I agree that the score of episode V is the best to date and upon two listenings of episode III there is no reason to change my mind. I speak from a purely musical point of view but it's possible with JW's music : it's so symphonic or operatic that most of the time the music can be fully appreciated just for itself.
It seems that JW decided to remain very classical in its approach despite the use of bongos and complex rythms. The Episode V orchestration was more inventive and bold (Battle in the snow) from the very beginning to the very end, thanks to Herbert Spencer. 
The score was also more powerful because of the new and catchy themes, it was JW at his apex and I have to admit that , while I'm a huge fan of JW having deconstructed so many of his scores on staff paper, the flame creativity of the 70' and 80' has dimned.


----------



## choc0thrax (Apr 10, 2005)

Listening to the new music makes me want to see the movie more than I did before. I think my favourite track so far is 14.


----------



## lux (Apr 10, 2005)

listening to those tracks, I'm at same opinion as Handz and Alex.
Empire strikes back is quite unreachable imho. ESB is just on same league as Jaws in my honest preferences.

Luca


----------



## Simon Ravn (Apr 10, 2005)

Sicmu, Williams does his own orchestrations He only hires orchestrators on almost all of his scores, due to deadlines and time restrictions so they can prepare the final scores for him.


----------



## José Herring (Apr 10, 2005)

Simon,

I know. I can't believe that some people still think that Williams doesn't orchestrate his own stuff. :roll: I mean listen to the music. You have to know what you're doing to write that kind of music. He's a better orchestrator than the people he hires to orchestrate for him! He started his career by orchestrating for Bernard Hermann. 

That Williams sound is his own. It's not the Spencer sound.

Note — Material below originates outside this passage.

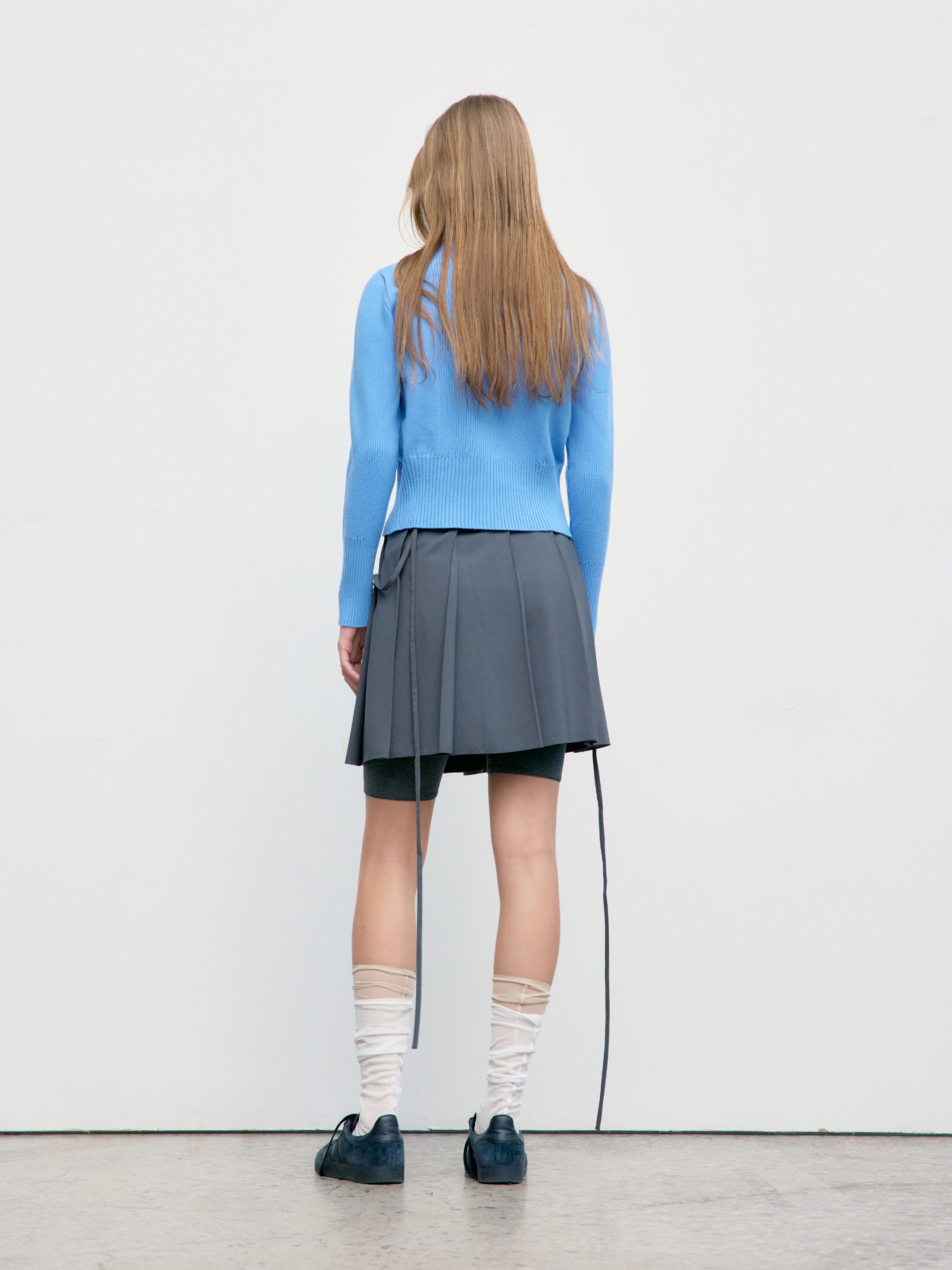 Low Classic Pleated Mini Dress Grey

If it was just the orchestrator then everybody would be writing music that well. He's got a lot of imitators but no equals.

Jose


----------



## handz (Apr 10, 2005)

dcoscina said:


> Simon Ravn said:
> 
> 
> > handz said:
> ...


----------



## Sicmu (Apr 10, 2005)

Right, Williams writes a short score on ten or fourteen staves with a lot of details about instrumentation but it was the job of the legendary Herbert Spencer (among others) to expand this to 30-35 staves, basically the main instrumentation is already done but there is the special touch of the orchestrator who knows what instrument doubling will sound better, what combination of divided strings will make the difference etc..., it's something they know by heart and it was almost a rule in Hollywood : Korngold with Friedhoffer is maybe the best example of perfect collaboration, but sometimes it doesn't work. 
Working with samples is IMO not the best way to learn how it should sound without a listen and I confess that sometimes I can't predict how it will sound just reading the score, but it's comforting to listen to the alternate takes of the first SW main title : even JW and his team didnt know exactly what woodwind line could sound the best for the bridge!


----------



## Scott Rogers (Apr 10, 2005)

..........


----------



## Scott Rogers (Apr 10, 2005)

..........


----------



## Trev Parks (Apr 10, 2005)

Scott Rogers said:


> Of course, the argument ended when I showed him some original JW sketches.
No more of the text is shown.